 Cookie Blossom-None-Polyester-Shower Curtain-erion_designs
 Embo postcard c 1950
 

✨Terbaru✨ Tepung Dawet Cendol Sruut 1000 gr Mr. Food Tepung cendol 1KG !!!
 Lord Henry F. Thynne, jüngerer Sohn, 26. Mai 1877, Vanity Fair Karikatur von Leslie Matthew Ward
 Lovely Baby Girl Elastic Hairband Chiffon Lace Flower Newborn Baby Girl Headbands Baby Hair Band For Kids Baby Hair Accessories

---

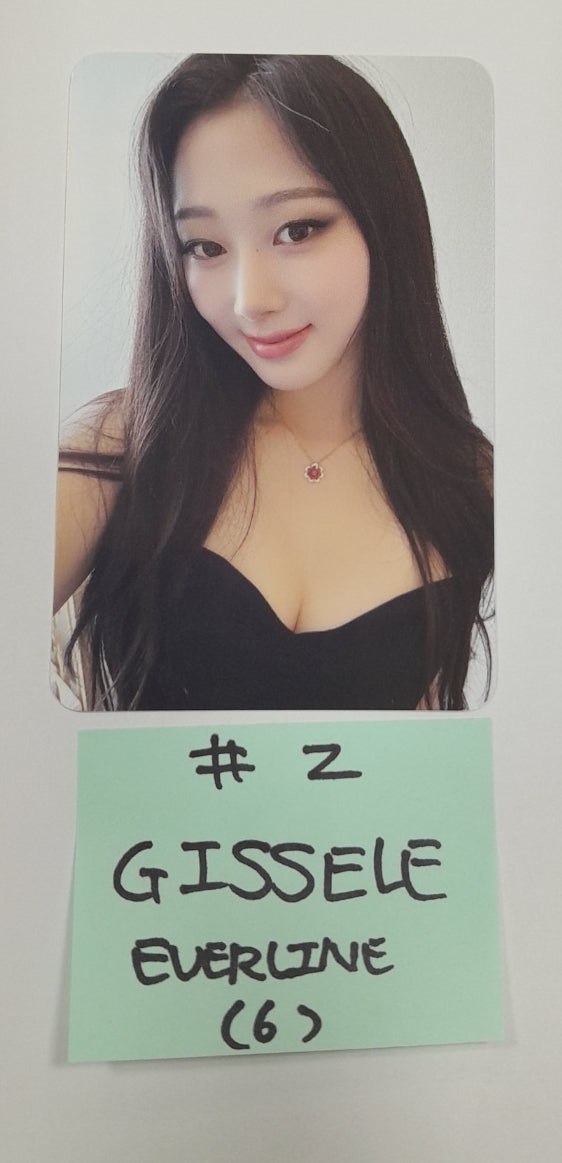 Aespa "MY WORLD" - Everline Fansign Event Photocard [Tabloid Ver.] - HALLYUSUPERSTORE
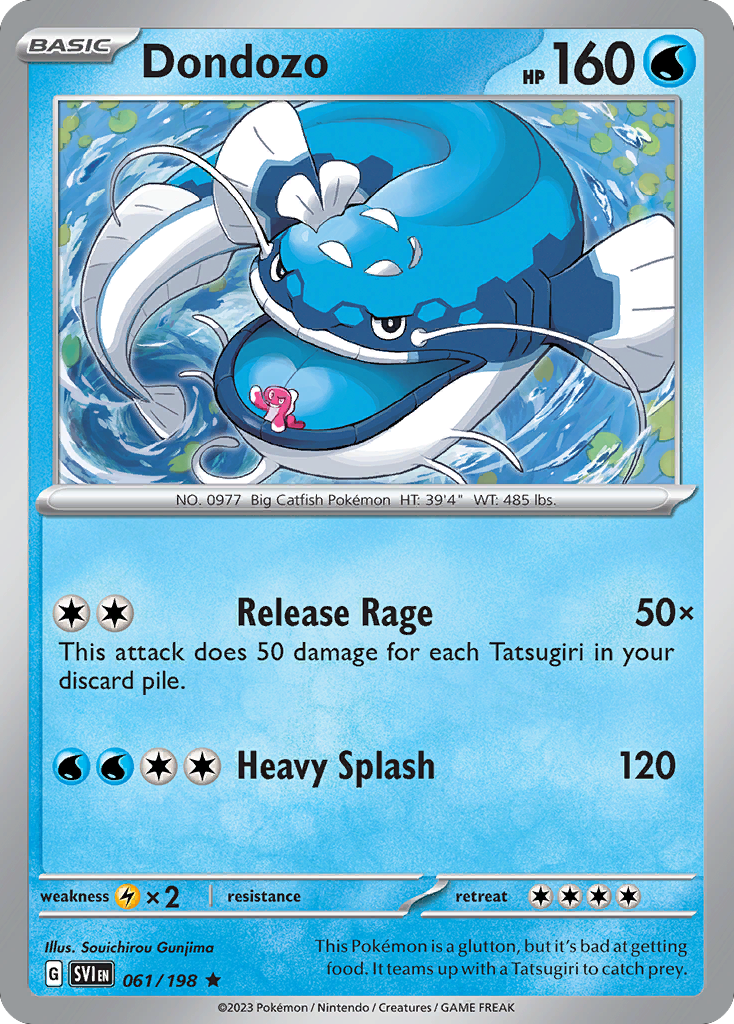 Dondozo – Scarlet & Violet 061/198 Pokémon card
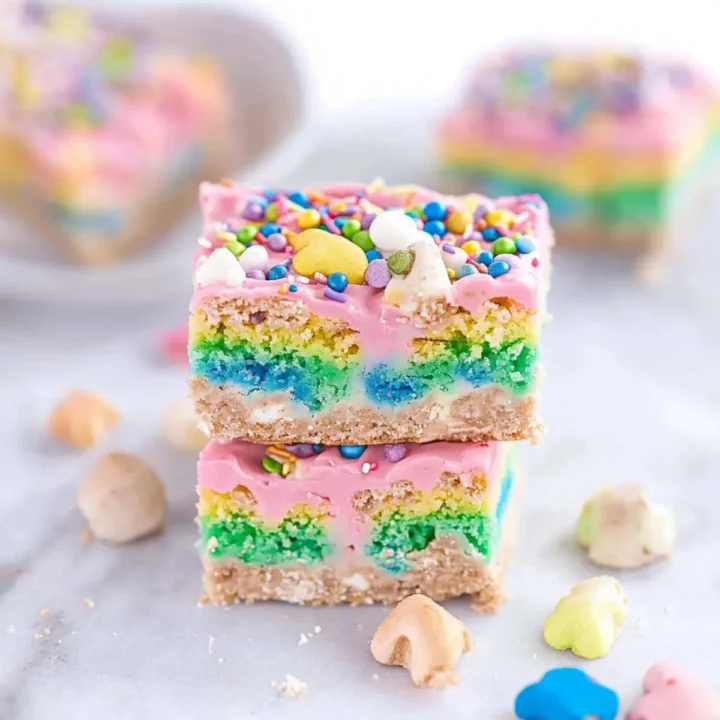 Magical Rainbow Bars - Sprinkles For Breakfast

==

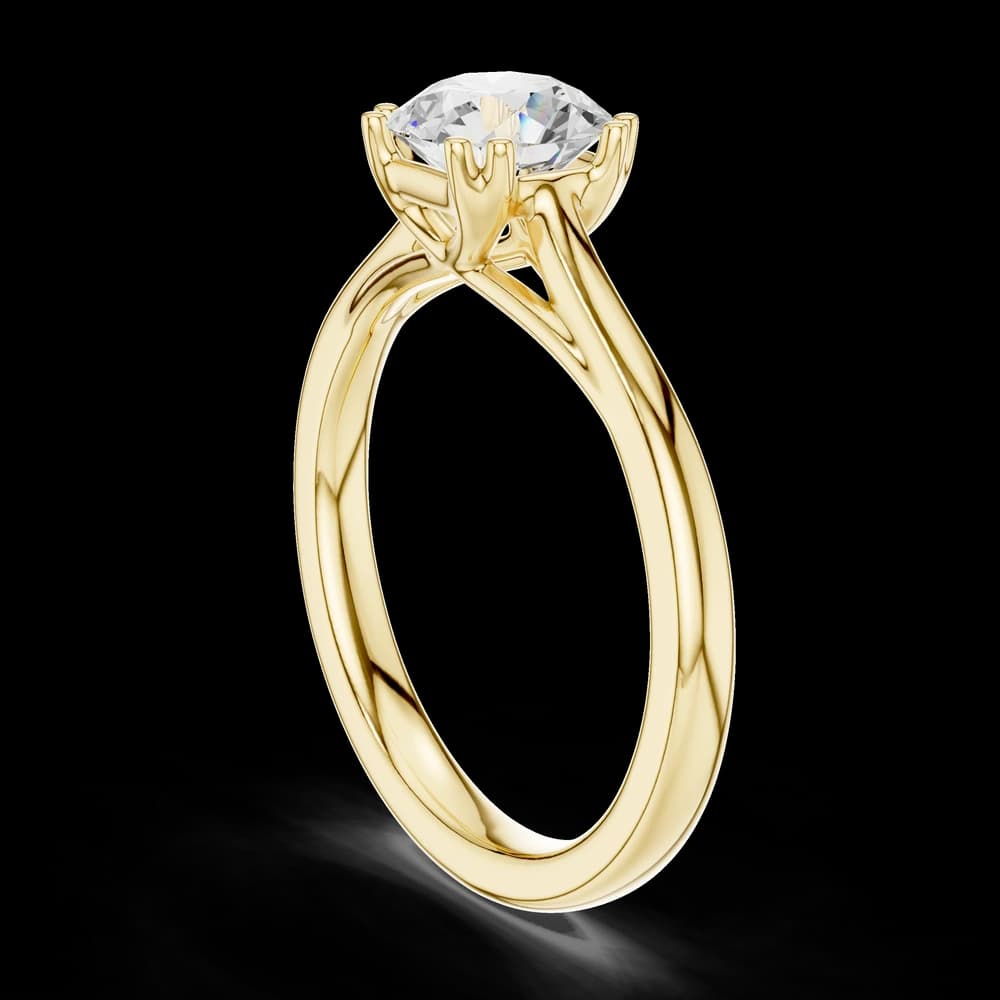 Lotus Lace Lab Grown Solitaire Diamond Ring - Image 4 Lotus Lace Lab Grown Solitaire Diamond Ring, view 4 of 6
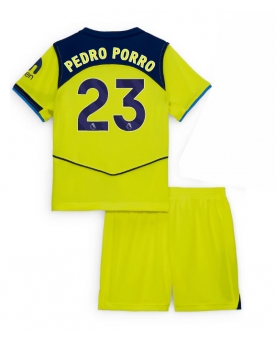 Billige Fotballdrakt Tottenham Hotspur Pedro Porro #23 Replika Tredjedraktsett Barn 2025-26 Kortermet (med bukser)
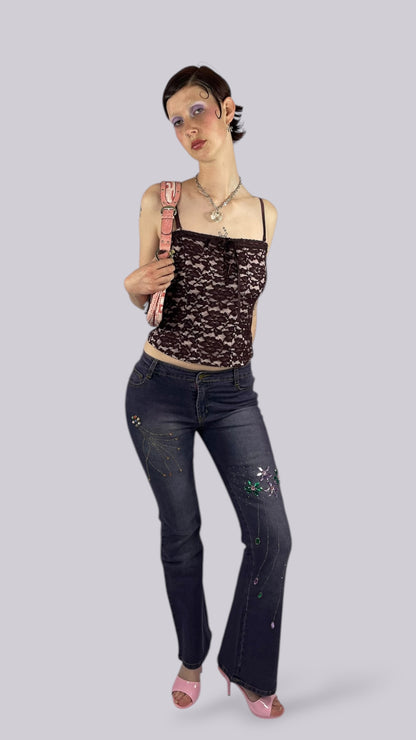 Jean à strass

▸ **PROBLEM REQUIREMENTS**
Here the job is to set down exactly the lines of the material above that fall between the one with "Cookie Blossom-None-Polyester-Shower Curtain-erion_designs" and the one with "Lovely Baby Girl", inclusive, and nothing beyond them.

▸ **TASK RESULT**
 Cookie Blossom-None-Polyester-Shower Curtain-erion_designs
 Embo postcard c 1950
 

✨Terbaru✨ Tepung Dawet Cendol Sruut 1000 gr Mr. Food Tepung cendol 1KG !!!
 Lord Henry F. Thynne, jüngerer Sohn, 26. Mai 1877, Vanity Fair Karikatur von Leslie Matthew Ward
 Lovely Baby Girl Elastic Hairband Chiffon Lace Flower Newborn Baby Girl Headbands Baby Hair Band For Kids Baby Hair Accessories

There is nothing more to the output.